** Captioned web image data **
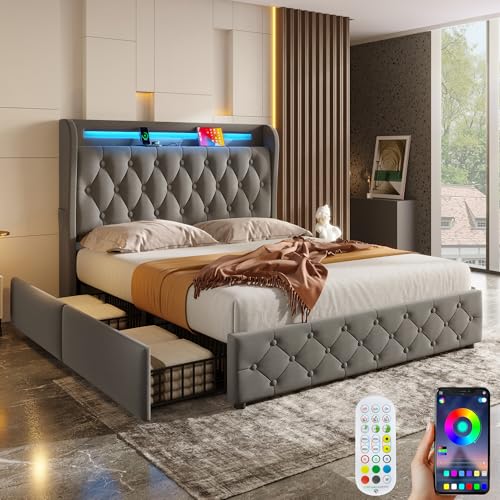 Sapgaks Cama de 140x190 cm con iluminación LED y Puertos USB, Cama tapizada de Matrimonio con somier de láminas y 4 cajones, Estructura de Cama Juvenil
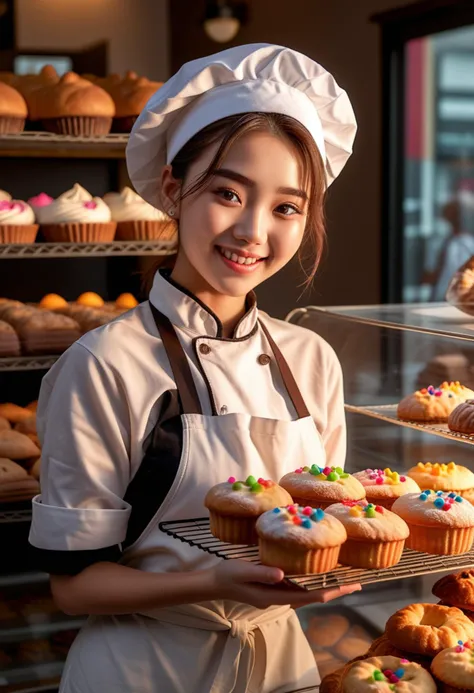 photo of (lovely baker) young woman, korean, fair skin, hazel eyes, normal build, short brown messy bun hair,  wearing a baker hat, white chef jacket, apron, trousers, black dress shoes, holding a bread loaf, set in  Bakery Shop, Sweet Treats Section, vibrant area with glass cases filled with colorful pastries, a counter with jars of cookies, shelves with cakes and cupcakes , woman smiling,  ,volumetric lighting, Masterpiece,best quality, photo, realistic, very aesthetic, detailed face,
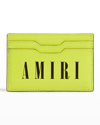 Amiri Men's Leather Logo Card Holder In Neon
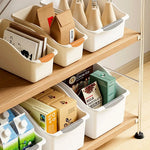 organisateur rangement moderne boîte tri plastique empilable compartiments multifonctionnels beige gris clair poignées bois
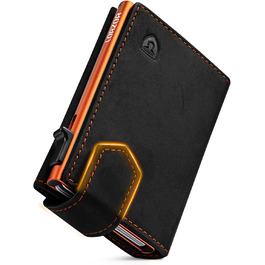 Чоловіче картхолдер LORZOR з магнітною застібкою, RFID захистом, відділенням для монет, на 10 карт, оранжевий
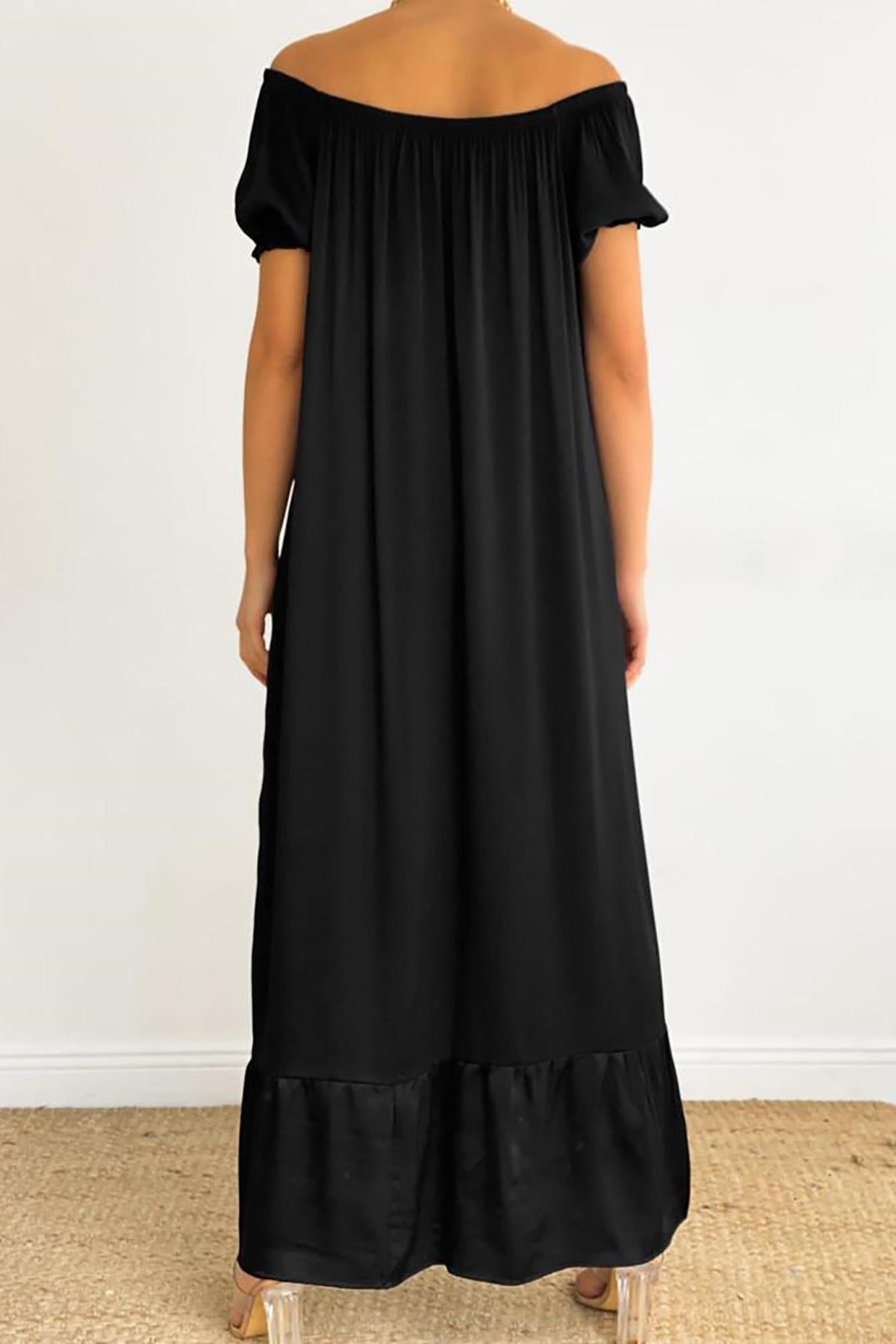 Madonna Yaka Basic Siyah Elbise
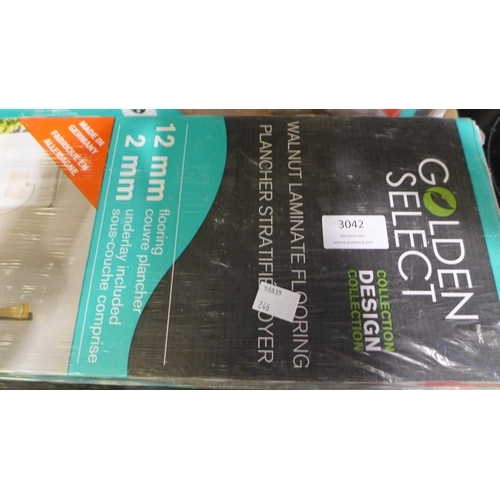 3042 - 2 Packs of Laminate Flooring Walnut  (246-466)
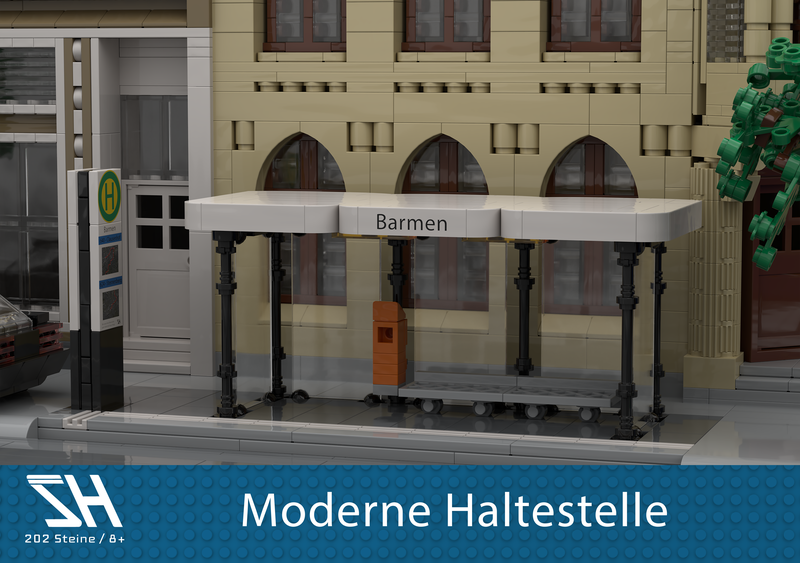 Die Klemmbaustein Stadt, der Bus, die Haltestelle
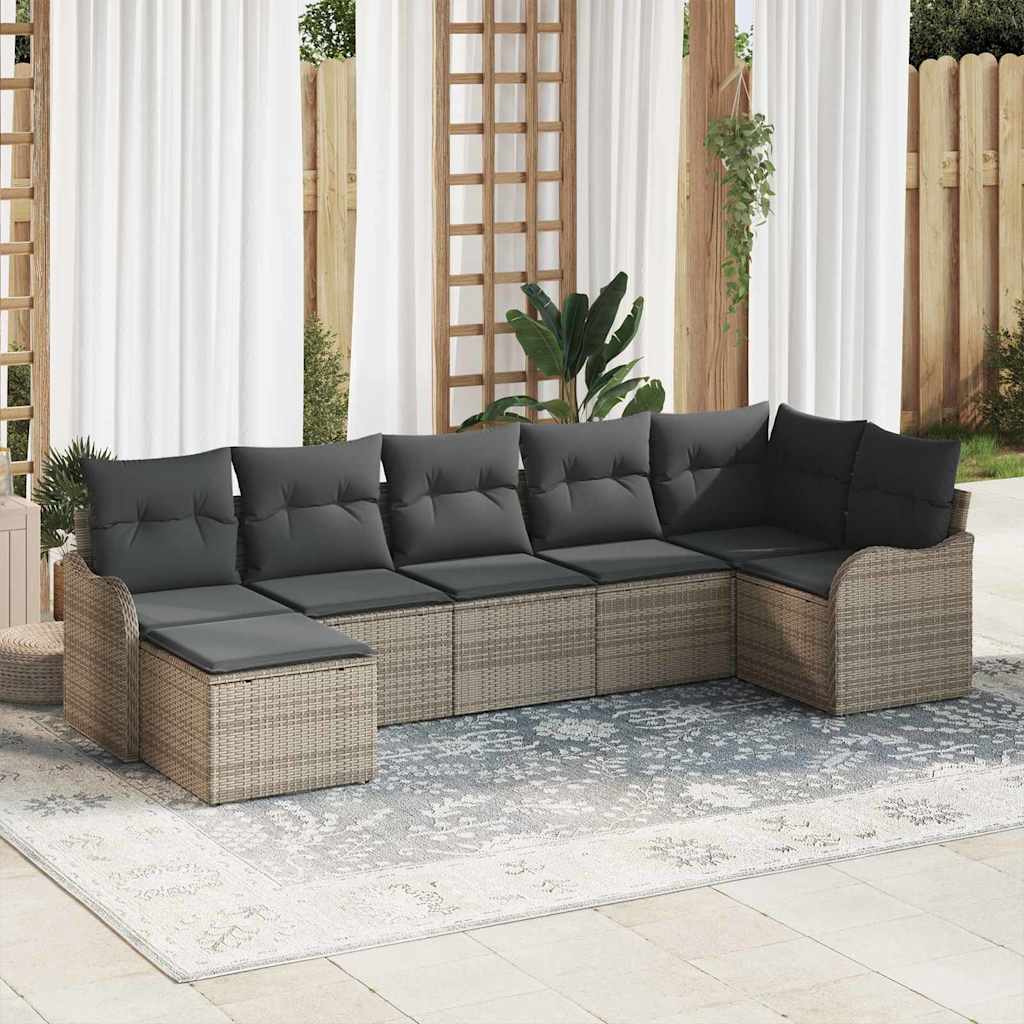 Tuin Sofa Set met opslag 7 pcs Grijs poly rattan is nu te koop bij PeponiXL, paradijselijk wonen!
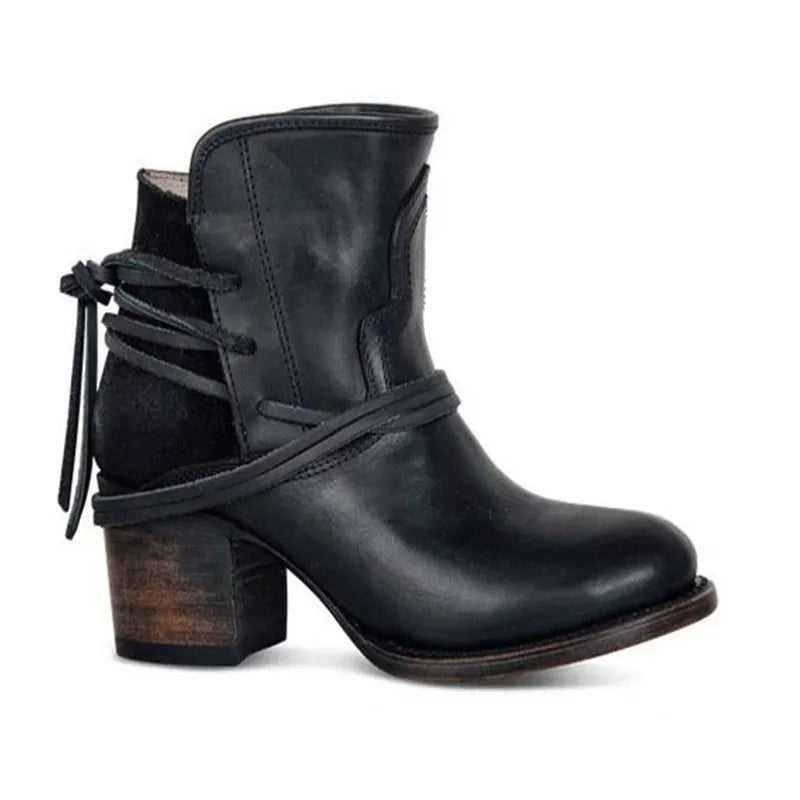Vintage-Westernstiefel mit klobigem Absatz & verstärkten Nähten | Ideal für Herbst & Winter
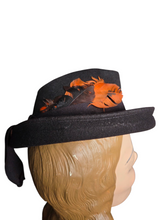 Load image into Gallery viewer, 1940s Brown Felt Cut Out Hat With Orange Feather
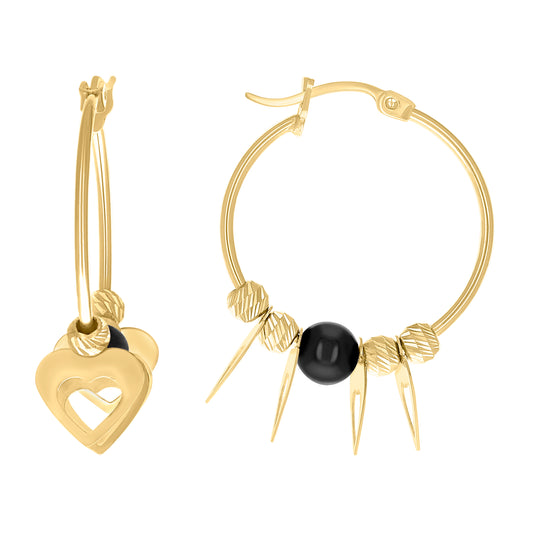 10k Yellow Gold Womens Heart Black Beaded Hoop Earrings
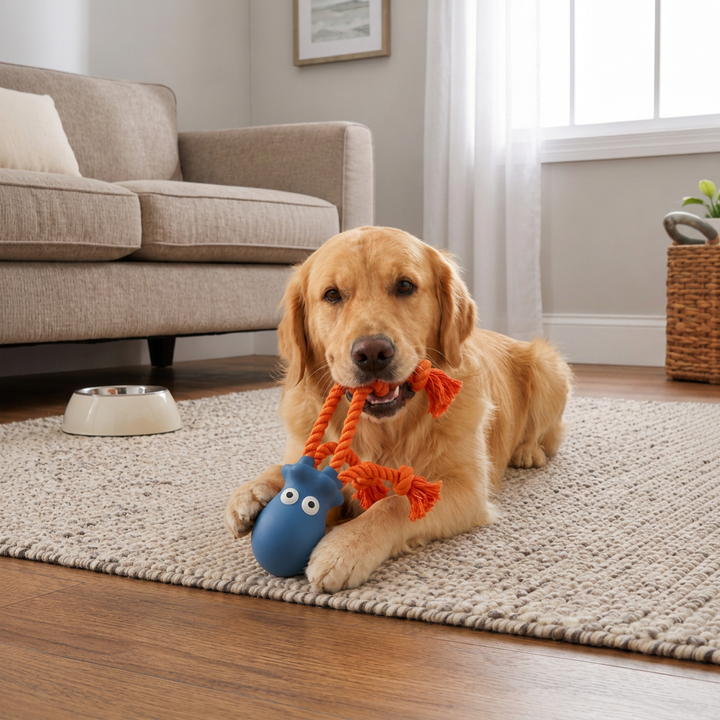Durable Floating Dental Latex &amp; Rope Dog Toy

** EXERCISE GOAL **
Please return only the lines from the one holding "Tuin Sofa Set" through the end of the data, both ends included; do not copy any pictures.

** RESPONSE TO THE TASK **
 Tuin Sofa Set met opslag 7 pcs Grijs poly rattan is nu te koop bij PeponiXL, paradijselijk wonen!
Vintage-Westernstiefel mit klobigem Absatz & verstärkten Nähten | Ideal für Herbst & Winter
 Load image into Gallery viewer, 1940s Brown Felt Cut Out Hat With Orange Feather
 10k Yellow Gold Womens Heart Black Beaded Hoop Earrings
Durable Floating Dental Latex &amp; Rope Dog Toy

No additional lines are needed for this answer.